PairsTable – HDF5 Table that contains pairs

labels

LabelsLookup – Table to look up label of fragment by id or id of fragment by label

append(other)[source]

Append data from other similarity matrix to me

Parameters:other (SimilarityMatrix) – Other similarity matrix
close()[source]

Closes the hdf5file

count(frame_size, raw_score=False, lower_triangle=False)[source]

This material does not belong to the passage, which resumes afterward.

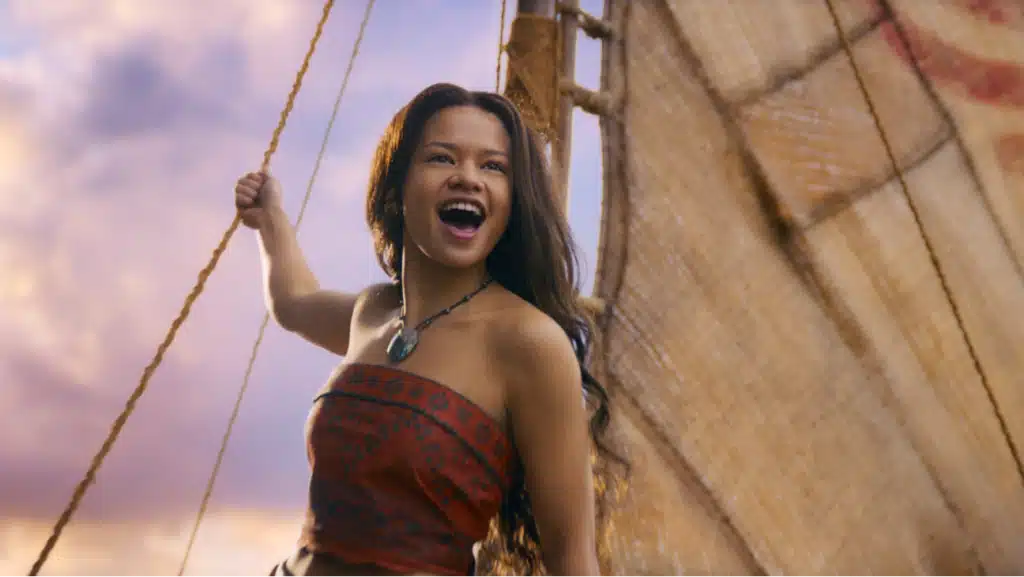A screencap of a scene from the live action 'Moana': Moana sings on her boat.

Count occurrences of each score

Parameters:
  • frame_size (int) – Size of matrix loaded each time. Larger requires more memory and smaller is slower.
  • raw_score (bool) – Return raw int16 score or fraction score
  • lower_triangle (bool) – Dummy argument to force same interface for thawed and frozen matrix
Returns:

Score and number of occurrences

Return type:

(str, int)

find(query, cutoff, limit=None)[source]

Find similar fragments to query.

Parameters:
  • query (str) – Query fragment identifier
  • cutoff (float) – Cutoff, similarity scores below cutoff are discarded.
  • limit (int) – Maximum number of hits. Default is None for no limit.
Yields:

(str, float) – Hit fragment idenfier and similarity score

keep(other, keep)[source]

Copy content of self to other and only keep given fragment labels and the labels they pair with

Parameters:
skip(other, skip)[source]

Copy content of self to other and skip all given fragment labels

Parameters:
update(similarities_iter, label2id)[source]

Store pairs of fragment identifier with their similarity score and label 2 id lookup

Parameters:
  • similarities_iter (iterator) – Iterator which yields (label1, label2, similarity_score)
  • label2id (dict) – Dictionary with fragment label as key and fragment identifier as value.